Passage de frontière
À bout de souffle, éreintés par une une humidité harassante, nous avançons notre départ de Chine. Agglutinés devant le guichet de la gare pour deux heures d'attente, recevant des coups de coude et balançant des coups de pieds, le cerbère refuse de me fournir mes billets de train pour Hanoi et me demande de reactualiser nos visas. Deux jours plus tard, le visa refait et cinq kilos de moins, nous n'avons pas le courage de refaire le match de boxe et d'attendre une journée de plus. Nous prenons le bus et traversons la frontière à pied ou l'on vole tels des aigles mongoles vers Long Son. Seuls au monde, nous mangeons de délicieux nems au porc qui ressemblent à de vieux boudins moisis qui seront les meilleurs de notre voyage.

Je trouve un mini van japonais qui accepte de nous conduire à Sapa en deux jours moyennant 2 500 000 dông (90€). Nous sillonnons la jungle, parsemée de champs de riz, de thé et de bananiers et Tong, notre chauffeur, tout en joie, accélère dans les villages au rythme effréné d'un Klaxon toujours aussi présent et s'arrête à chaque carrefour pour demander son chemin.

Après sept heures de route et 500 km, nous faisons une halte dans un trou paumé, Yen Bai. Assis autour d'une Larue, bière "locale", notre chauffeur et le gérant de l'hôtel nous expliquent que Tong a fait une erreur sur le prix du transport et nous demande le double. Anne-pat, sevrée de négociation, ne transige pas "un deal est un deal" et même pas peur que tu me laisses en plan dans ton bled !! Furieux Tong fait les 100 pas entre la pipe à eau et notre table et constate amèrement sa défaite, vexé il part sans même un Dông et nous laisse en plan. Nous comprenons qu'il n'est jamais allé à Sapa de sa vie.

Le lendemain matin, toujours pas de Tong, ayant raté le train de 10h, nous prenons le bus pour effectuer les 178 km restant pour Sapa, 200 Dông / personne. Le bus, un bon vieux taco comme je les aime, met deux heures pour sortir de la ville afin de glaner des clients et rendre Anne-pat hystérique qui finit par éteindre la tv qui passe des clips européens obscènes sur de la musique à l'eau de rose Vietnamienne. Au cinquantième tournant, les voisins locaux d'Anne-pat rempliront tous des sacs plastiques de vomi qu'elle jette sereinement par sa fenêtre, la seule qui ouvre du bus.
Assis devant avec Maxime qui évacue une semaine de bouffe chinoise, je serre les dents, livide. Le bus se remplit à déborder, le Stewart, pieds nus, escaladant les passagers. Il apostrophe Anne-pat pour qu'elle réveille Mahault qui dort depuis quatre heures pour assoir une femme minoritaire de Sapa aux dents teintées de rouge de bétel qu'il fait rentrer dans le bus avec dégoût.
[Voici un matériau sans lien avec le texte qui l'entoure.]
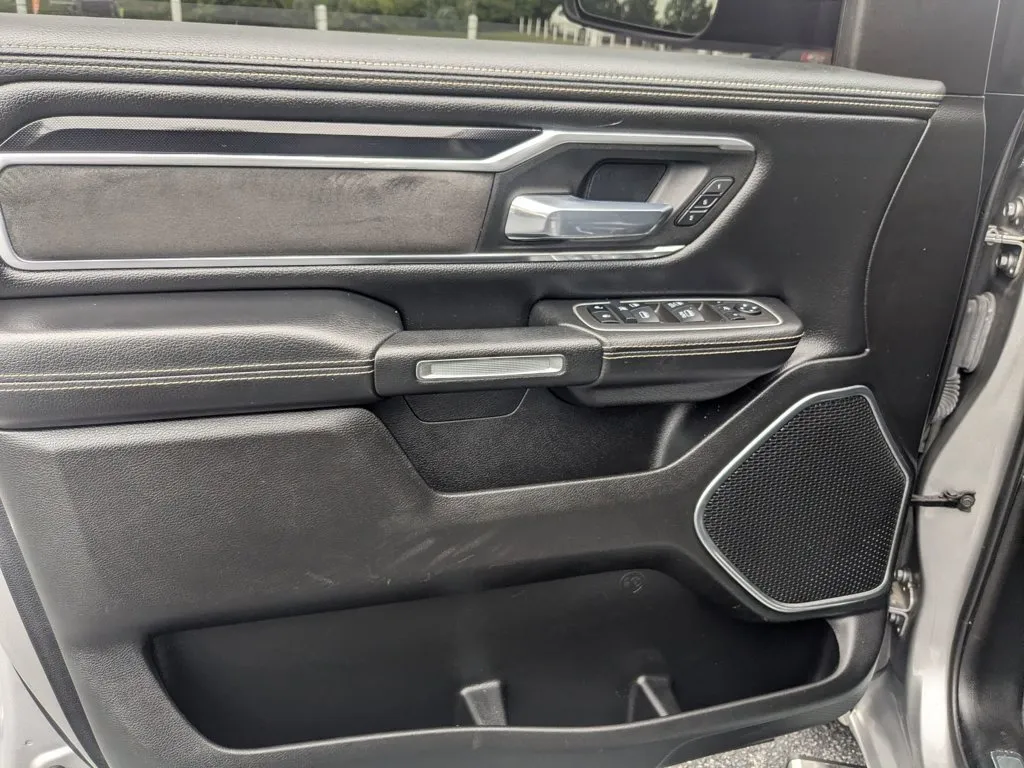 2022 Ram 1500 Laramie thumbnail 11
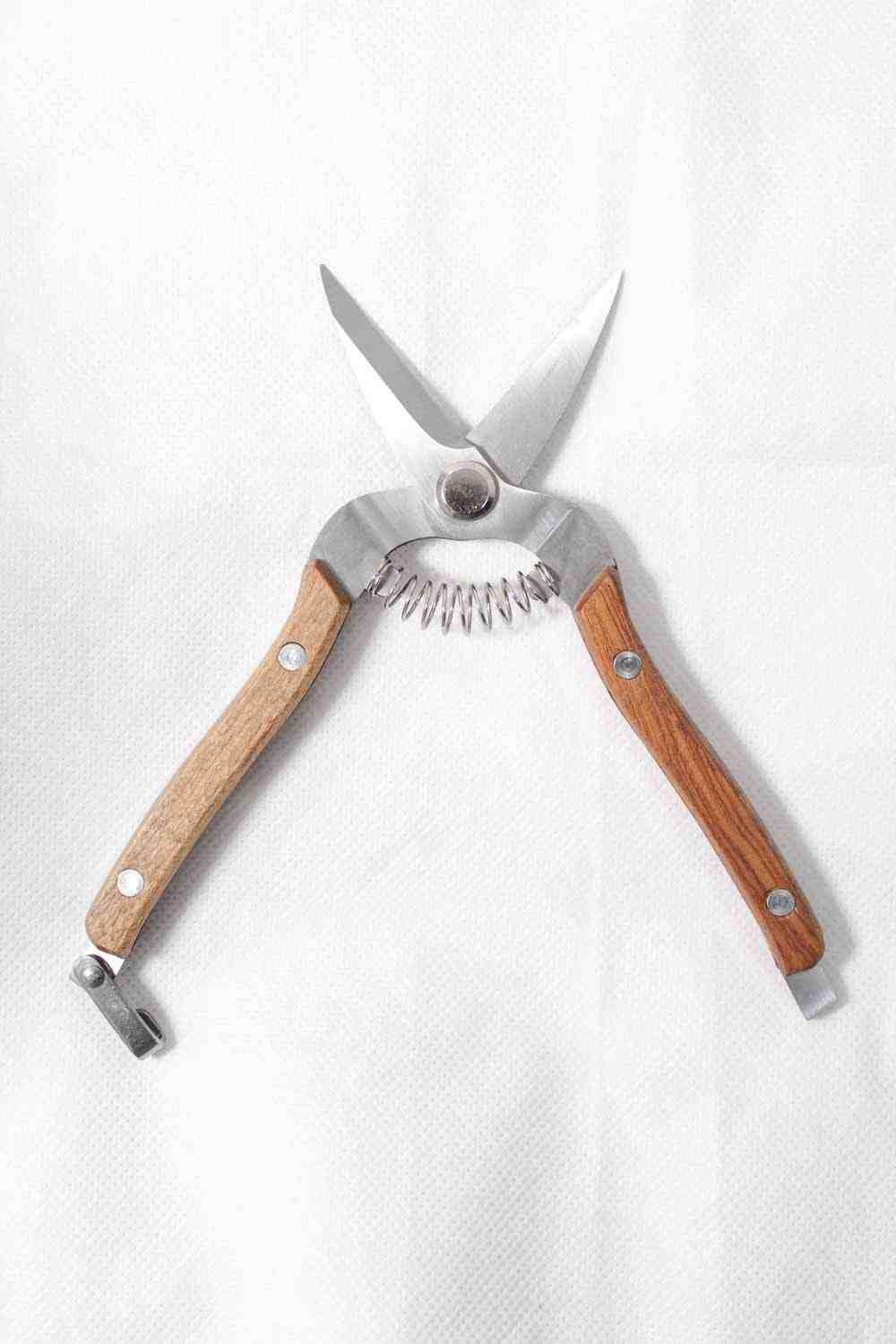 Pruning Scissor Wooden And SK5 - Image 4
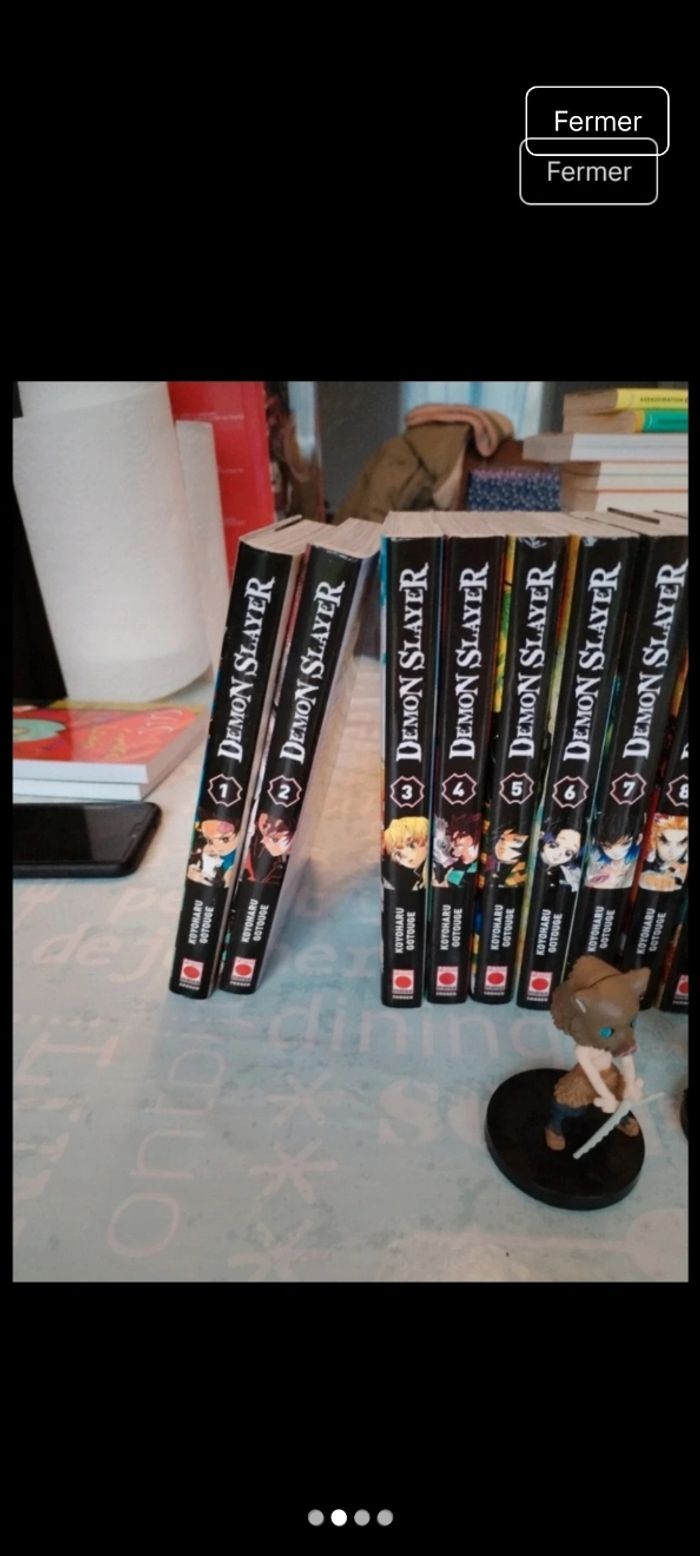 18 livres demon slayer et figurines - photo numéro 2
Chinoisée, Anne-pat dans un pur français le crucifie dans l'hilarité générale, il laissera finalement sa place.

Ils nous font grâce d'une halte dans un tournant en haut d'un col pour une pose pipi dans les bananiers. J'égrène chaque seconde de la dernière heure, mon estomac noué, ébloui par le paysage qu'aucune pellicule photographique ne pourrait retranscrire.

Après neuf heures de route, nous arrivons a Sapa, ville coloniale perchée dans les nuages au milieu de rizières en terrasses.